== Task instructions ==
Repeat every line from the line containing "thumbnail image 3" to the end of the data, exactly. Leave the pictures out.
***** Information shown *****
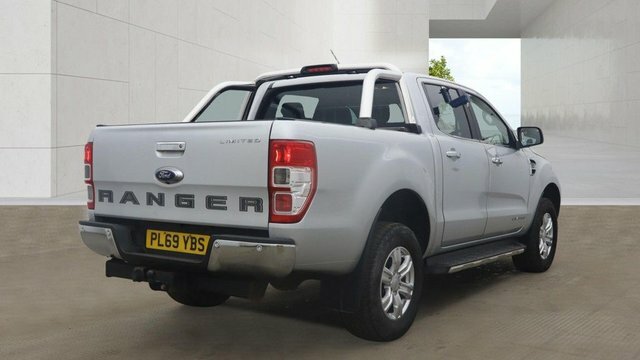 Ford Ranger Ecoblue Limited Pickup Double Silver #5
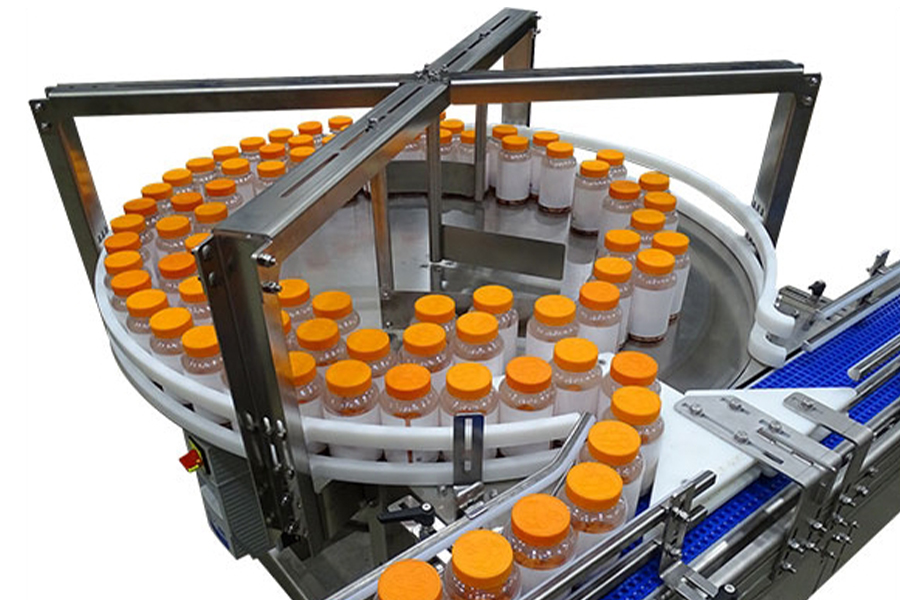 Rotary Accumulation Table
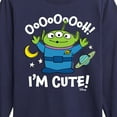thumbnail image 3 of Toy Story - Alien Ooh I'm Cute - Toddler & Youth Long Sleeve Graphic T-Shirt, 3 of 5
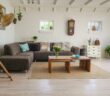 wooden furniture at home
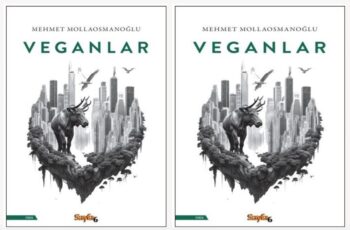 Veganlar okurun zihnine gelecekten kalıcı bir iz bırakacak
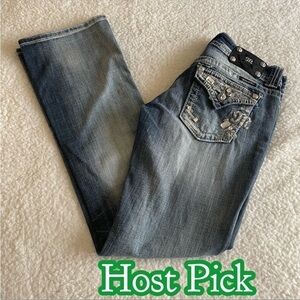 ✅host Pick✅ Miss Me Embellished Easy Boot Jeans, 26X33
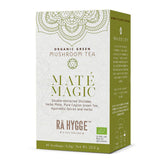 RA Hygge, BIO Maté Magic, Yerba Maté Tea with Shiitake, 16 Bags - GREEN LIFE CYPRUS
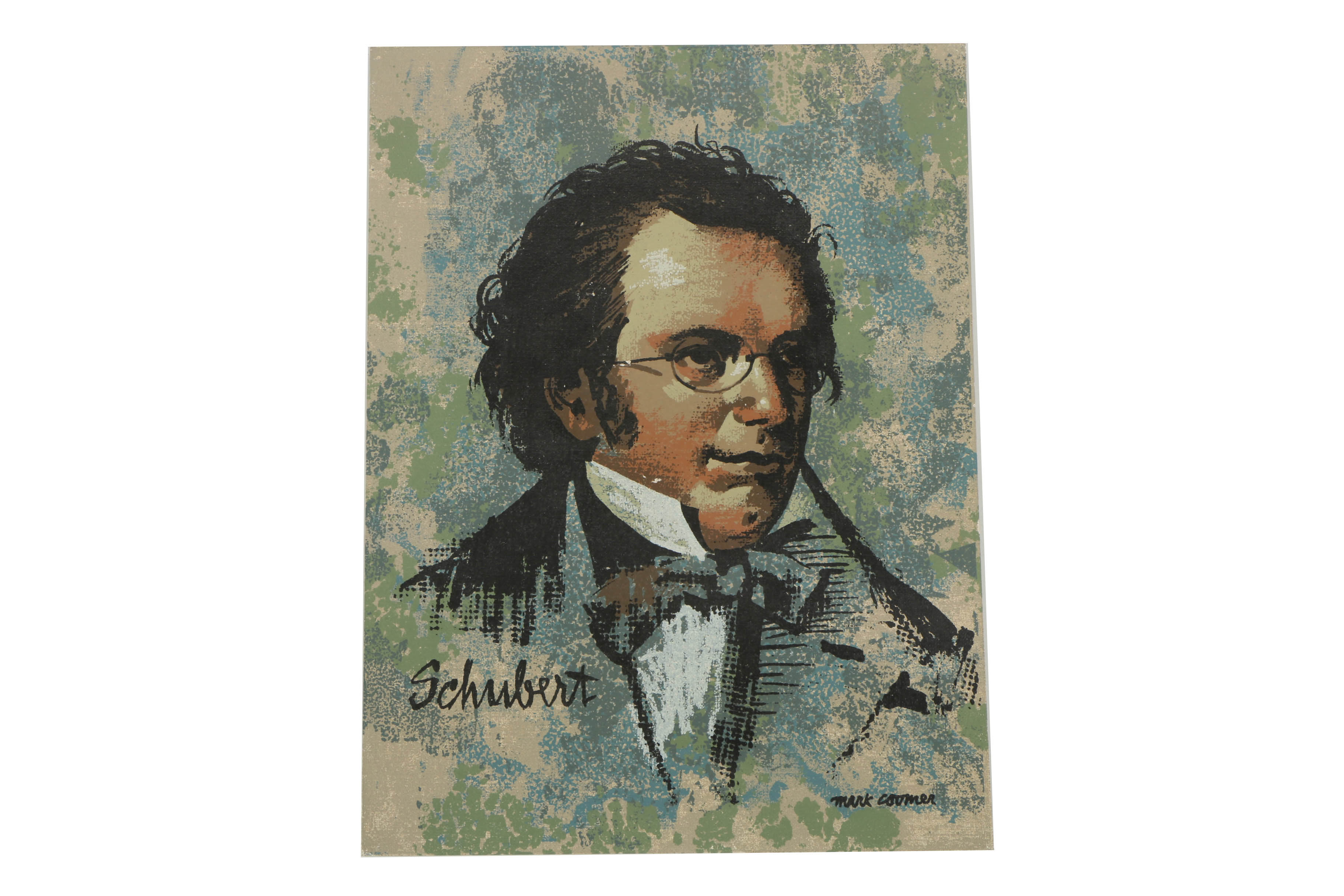 Assortment of Mark Commer Serigraphs on Board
*****
== Task response ==
thumbnail image 3 of Toy Story - Alien Ooh I'm Cute - Toddler & Youth Long Sleeve Graphic T-Shirt, 3 of 5
 wooden furniture at home
 Veganlar okurun zihnine gelecekten kalıcı bir iz bırakacak
 ✅host Pick✅ Miss Me Embellished Easy Boot Jeans, 26X33
 RA Hygge, BIO Maté Magic, Yerba Maté Tea with Shiitake, 16 Bags - GREEN LIFE CYPRUS
 Assortment of Mark Commer Serigraphs on Board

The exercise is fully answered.